[THE RECORDS]
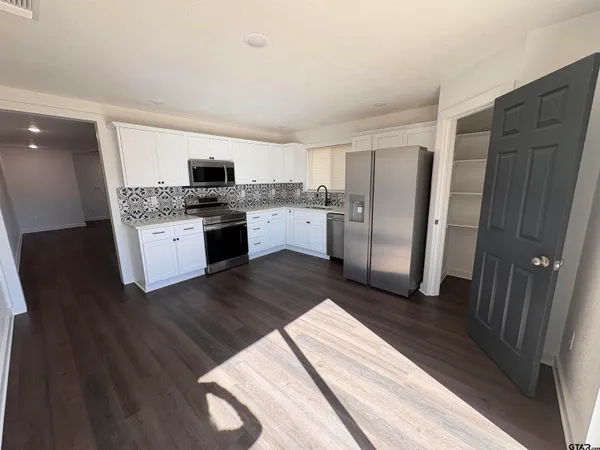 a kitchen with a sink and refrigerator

--

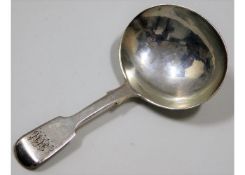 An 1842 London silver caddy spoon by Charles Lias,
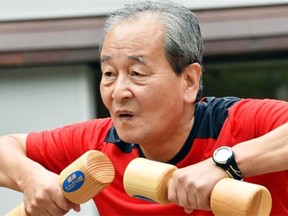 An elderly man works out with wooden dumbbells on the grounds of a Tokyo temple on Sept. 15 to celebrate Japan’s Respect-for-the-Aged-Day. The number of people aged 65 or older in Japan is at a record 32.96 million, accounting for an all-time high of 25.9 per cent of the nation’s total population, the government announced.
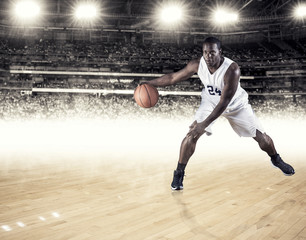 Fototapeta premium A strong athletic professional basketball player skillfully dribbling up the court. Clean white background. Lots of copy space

[WORK INSTRUCTION] Above are the records; please give again, exactly and in full, only the lines that run from the line with "An 1842 London" through the line with "Fototapeta premium A", with no pictures.

[SOLUTION]
 An 1842 London silver caddy spoon by Charles Lias,
 An elderly man works out with wooden dumbbells on the grounds of a Tokyo temple on Sept. 15 to celebrate Japan’s Respect-for-the-Aged-Day. The number of people aged 65 or older in Japan is at a record 32.96 million, accounting for an all-time high of 25.9 per cent of the nation’s total population, the government announced.
 Fototapeta premium A strong athletic professional basketball player skillfully dribbling up the court. Clean white background. Lots of copy space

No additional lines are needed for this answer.